I arrived to the pseudo-code below, where all operations are double-precision operations, The notation 1e98
is for the double nearest to the mathematical 10^98, and 1e98_2
is the double nearest to the result of the mathematical subtraction 10^98-1e98
. The notation fmadd(X * Y + Z)
is for the fused multiply-add operation with operands X
,Y
, Z
.
y = x * 2^-1074; // exact
q = y / 1e98; // q is denormal and the significand of q interpreted
// as an integer is our candidate for the 12 decimal
// digits of x
r = fmadd(q * 1e98 - y); // close to 1e98 * (error made during the division)
// If 1e98_2 >= 0, we divided by a number that was smaller than we wished
// The correct answer may be q or q+1.
if (r and 1e98_2 have opposite signs)
{
return the significand of q;
}
s = copysign(2^-1074, r);
r1 = abs(r);
r2 = abs(1e98_2);
h = 1e98 * 0.5 * 2^-1074;
Set rounding mode to downwards
r3 = fmadd(r2 * q + r1);
if (r3 < h)
{
return the significand of q;
}
else
{
return significand of (q + s)
}
I apologize for the confusion that pervades the above pseudo-code, but it is not very clear for me yet, hence the following questions:
Does the first fmadd work as intended (to compute 1e98 * (error made during the division))?

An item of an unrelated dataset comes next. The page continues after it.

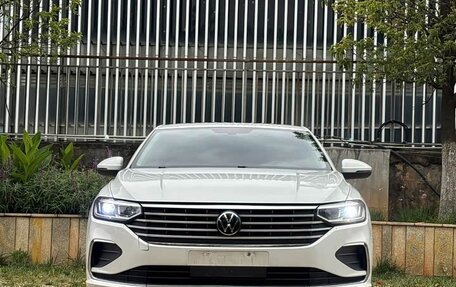 Volkswagen Lavida, 2023 год, 1 250 285 рублей, 2 фотография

The signs. I cannot convince myself that they are right. But I cannot convince myself that they are wrong either.
Any idea, perhaps arguments, about the frequency with which this algorithm might produce the wrong result?
If it works at all, is there any chance that the algorithm will continue to work if “q = y / 1e98” is changed to “q = y * 1e-98” (leaving all other instructions the same)?
I have not tested this algorithm. I do not have any computer with a fmadd instruction, although I hope to find one so that I can execute the above.